If your relationship is lacking in intimacy lately, here's a great example of how to get out of your rut. My friend Jon Bradbury wrote this post *on his own, of his own accord* to his lovely new wife today.
I bought the ring one year after our first date. An October wedding was plan C. The country club was plan B and plan A was marrying her a long time ago. Pretty much from the first moments of our first date!
— with Allison Uhl
This guy gets it in a way that, sadly, I think too many people don't. "It" is the act of creating romance. Sunsets are nice, but the sun ain't setting to make your special someone feel love and connection. That part is up to you.
This isn't about flirting or trying to get "business time" started. It's about keeping the butterflies, that spark when you touch hands unexpectedly, it's about tending that relationship garden.

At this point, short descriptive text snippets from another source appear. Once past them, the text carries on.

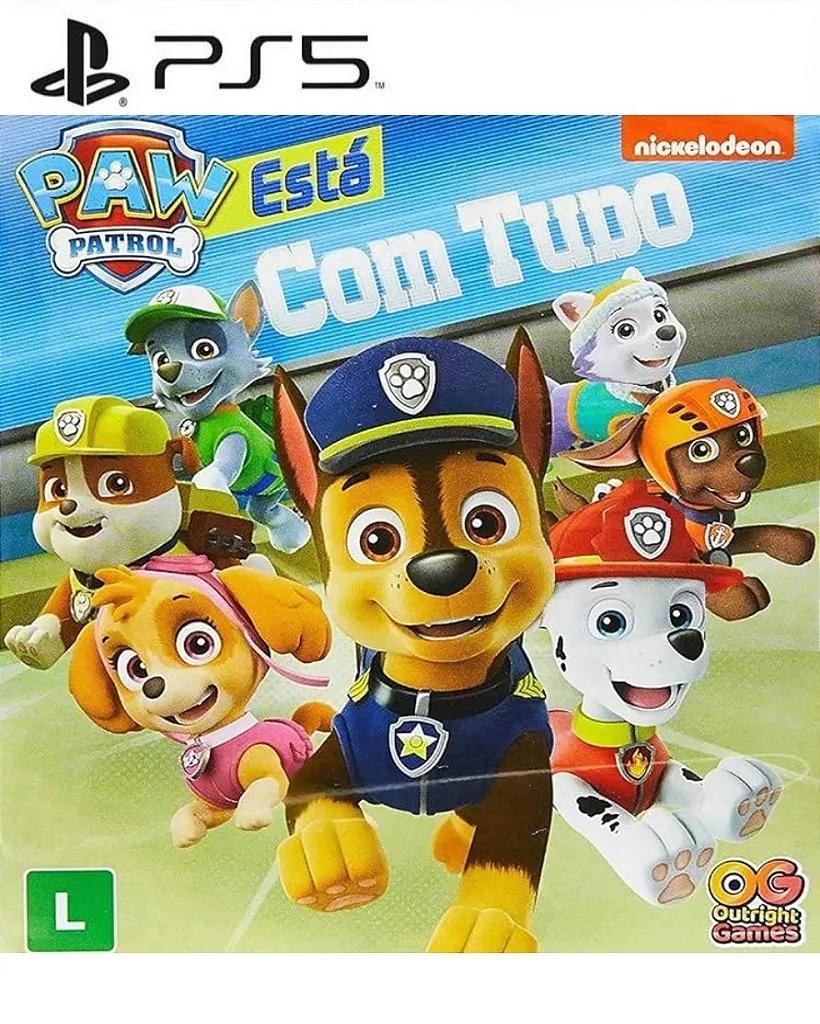 A Patrulha Canina Ta com Tudo PS5 - Imagem 1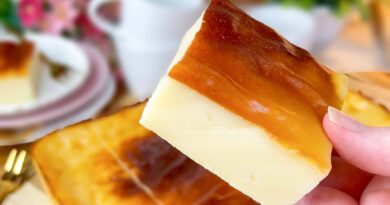 Flan RAPIDE et SANS Pâte: NI FARINE, NI GLUTEN ! Il fond dans la bouche ♥
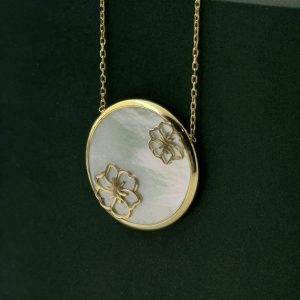 گردنبند صدفی
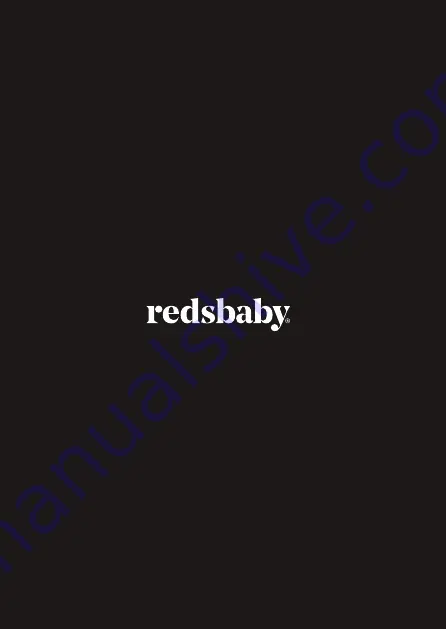 Redsbaby JIVE5 Product Manual Download Page 44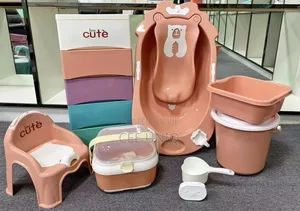 Baby Bath Set With Drawer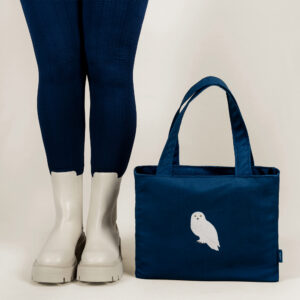 Alternative view of Snowy Owl Handbag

Don't give me some lame "but I don't know how" - there's a lot you didn't know how to do until you learned it. And forget "I don't do stuff like that" - that crap ain't gonna fly. Fact is, you want this kind of heartwarming affection from your special someone too!
But I know this won't be the last time my friend makes this kind of romantic gesture because he understands that she's worth it and their relationship is worth it. Can't start a fire without a spark, y'all.
It doesn't have to be a facebook post, though we do live in modern times and use modern methods of communication, so it's definitely not a bad option.
One idea I suggest is that you watch The Notebook and write down all of the words that come bursting from your heart. Then later, when you feel like expressing some genuine feelings, grab your notes and pick one to share. Write it on plain old lined paper, fold it up like you used to in school and discretely pass it under the dinner table. Send flowers to the office but make sure the note was hand written by you. Send a postcard to your own house if they get the mail. Pick some random date of the year and make it your "Just because I love you" day and organize a day of doing their favorite things and make sure you keep doing it annually.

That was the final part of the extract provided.